Augmented Reality (AR) combines computer-generated information with direct depictions of reality. The latter are usually live recordings from cameras in smartphones or tablets, in which texts, symbols or objects are shown. Glasses have also been developed with similar functions (e.g. "Google Glass"), but have not managed to catch on up to now.

The intent and purpose of AR generally is to enhance real images with further information. For instance, monuments are enhanced with background information about their creator, navigation devices provide tips on nearby popular destinations or enhanced directions on motorway junctions.

AR can be deployed in virtually all areas of every-day life. A fundamental aspect is always the combination of visual information with positioning, also known as tracking. In the simplest case, the AR app makes use of GPS data from the smartphone or tablet to depict enhanced reality, in the case of monuments or historical buildings this often involves an object on which a QR code is attached. The app evaluates it, connects to the ER server via the Internet, retrieves the respective additional information and displays it on the smartphone or tablet display.

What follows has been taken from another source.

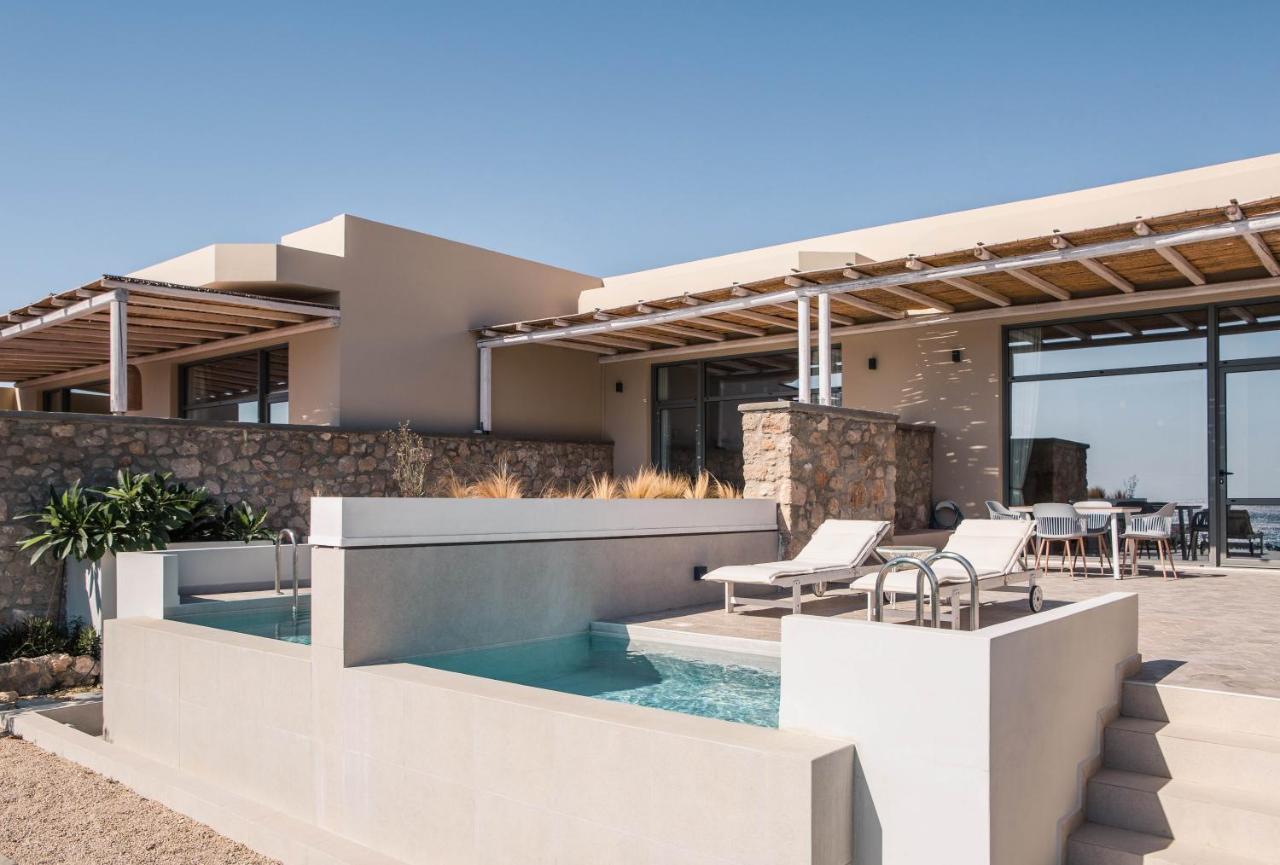 Onar Beach Houses 阿莫皮 外观 照片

Combining reality and virtuality for industry

AR is already being used for industrial purposes for some years now, for instance to assist in performing complex maintenance tasks. For this purpose, the respective parts of a device are equipped with readable matrix codes and the technician sees the respective work instructions in the display. A very sophisticated form of AR can frequently be seen at trade fairs or customer presentations: The visual combination of the real environment with virtual objects.

Furniture can be arranged in living rooms to be able to better assess their appearance or devices can be virtually integrated into existing machine rooms. All you need for presentations such as this, is a high-performance smartphone or tablet, 3D data of the virtual object, as well as an AR app, e.g. the price-effective product "eDrawings" by Solid Solutions, a company of the Bechtle Group.

This software makes it possible to embed 3D data - preferably from SolidWorks - into real surroundings in correct perspective. The inCAD Library by MISUMI offers practical help to this end. Especially if you want to optically incorporate planned and more or less standardized assemblies in an existing machine structure. Of course, you can build a 3D object anywhere, whether on your desk or at the beach. Every movement of the smartphone or tablet, and thus each change of the perspective, is directly transferred to the 3D object, perspective depiction is even impeccable if you scale the object to an extreme extent.

A sheet of paper, the so-called "Global Marker" makes this impressive augmented reality possible.  It can be directly printed in "eDrawings" and is placed where the virtual object is to appear.  The marker depicts a positioning matrix for the X and Y axis, the app recognizes the perspective distortion of the marker by means of the camera image and thus the spatial position of the camera. The displayed 3D object is then adjusted virtually in realtime.